Having savings is something not many can boast about. It is crucial to our long term financial health to have money saved in case of emergencies and retirement. I’ve also included a “special goals” category for one important reason:

It is never smart to go into debt whereas you'll end up paying more for the thing than it is worth!
  • Splurges (clothing, leisure, eating out, etc.)

If you have extra funds after the aforementioned categories, bravo! Now you have money to budget towards splurges! This is where most money normally “disappears”,” when people choose to live paycheck to paycheck. I use the word choice because it, indeed, is one in most cases. There is no need to spend money on going out to eat, fast food, clothing, movies, amusements, vacations, etc. They are choices – choices which many people let rule their “budget” and choices which induce anxiety, financial stress, and future bad choices.

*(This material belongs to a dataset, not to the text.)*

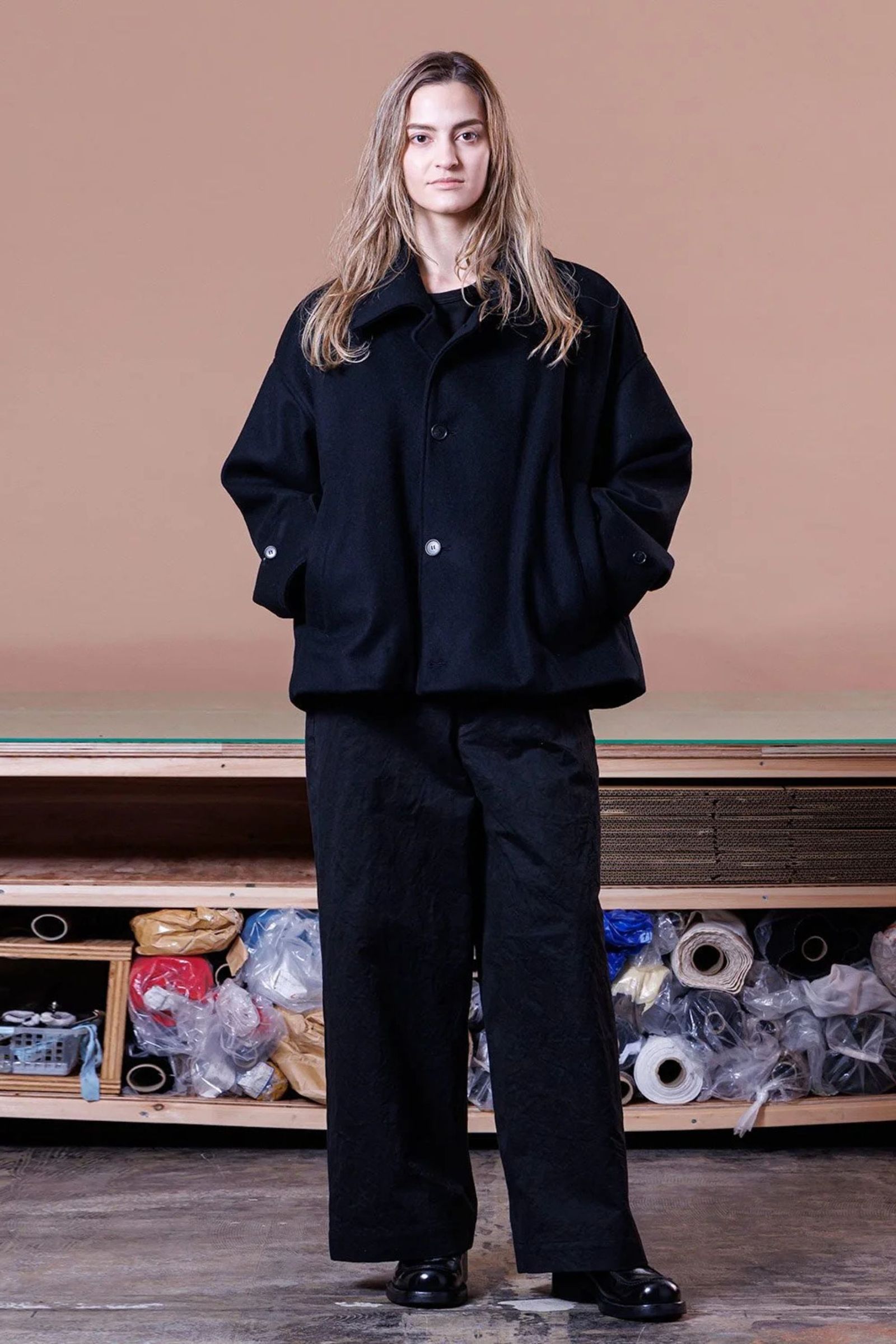 SUPER 100 WOOL BEABER Work Blouson | BLACK | ワークブルゾン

Isn’t it much better to know exactly how much you have left over after the necessary expenses, to have money for savings, and then choose where else the abundance will go, instead of spending carelessly and waking up to find your lights are out because you splurged on going to Applebee’s and a movie last Friday?

To me, it’s not even a question. I want abundance! I want stress-free budgeting! I want to know I’m safe and will have a roof over my head even if my husband is injured or laid off! Don’t you?

If you’re like me and want this lifestyle, I have one more tool for you! It’s an app called Dollarbird. It allows you to track your income, expenses, savings, and spending day-by-day in a calendar-style. It will show you, based on your forecasted incoming and outgoing funds, how much you should expect to have in your bank account (no, it doesn’t liken to it!). You input your regular bills and expenses, income and budget and it calculates it all. No need to input everything each month, either. You can set items to repeat!

AND The best part is, it's completely FREE!

I would have no sense of my budget without this handy little app, and I’m happy to recommend it to you as something I’ve used for over 2 years and am extremely satisfied with. Just search “Dollarbird” in the App Store and voila! You’re on your way to financial awareness and freedom!